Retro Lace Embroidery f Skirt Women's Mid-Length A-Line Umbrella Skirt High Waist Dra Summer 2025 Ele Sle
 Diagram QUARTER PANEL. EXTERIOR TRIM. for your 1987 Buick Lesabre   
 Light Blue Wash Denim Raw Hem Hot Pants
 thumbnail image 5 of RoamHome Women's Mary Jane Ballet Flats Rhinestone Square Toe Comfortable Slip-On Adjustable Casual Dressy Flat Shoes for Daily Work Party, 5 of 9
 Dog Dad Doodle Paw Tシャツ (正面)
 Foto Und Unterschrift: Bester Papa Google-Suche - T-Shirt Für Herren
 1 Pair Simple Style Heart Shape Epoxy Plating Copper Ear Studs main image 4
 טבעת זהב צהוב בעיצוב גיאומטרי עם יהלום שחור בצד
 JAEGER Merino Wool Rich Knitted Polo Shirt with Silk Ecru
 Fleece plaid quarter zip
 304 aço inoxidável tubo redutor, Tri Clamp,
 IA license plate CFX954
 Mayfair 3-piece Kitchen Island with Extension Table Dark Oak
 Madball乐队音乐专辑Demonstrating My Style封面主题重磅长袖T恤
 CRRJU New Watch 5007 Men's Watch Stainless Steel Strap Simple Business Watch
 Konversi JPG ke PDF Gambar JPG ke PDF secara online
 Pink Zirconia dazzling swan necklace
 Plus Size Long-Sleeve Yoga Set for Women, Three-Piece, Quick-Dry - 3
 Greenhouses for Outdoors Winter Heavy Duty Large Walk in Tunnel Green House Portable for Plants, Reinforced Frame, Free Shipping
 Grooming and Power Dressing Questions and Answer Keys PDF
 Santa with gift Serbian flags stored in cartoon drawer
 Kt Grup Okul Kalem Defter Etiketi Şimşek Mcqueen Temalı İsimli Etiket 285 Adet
..........
What is expected> Nothing but the lines from the one with "Grooming and Power" through the last line of the data should appear; print them exactly.

Solution to the exercise>
 Grooming and Power Dressing Questions and Answer Keys PDF
 Santa with gift Serbian flags stored in cartoon drawer
 Kt Grup Okul Kalem Defter Etiketi Şimşek Mcqueen Temalı İsimli Etiket 285 Adet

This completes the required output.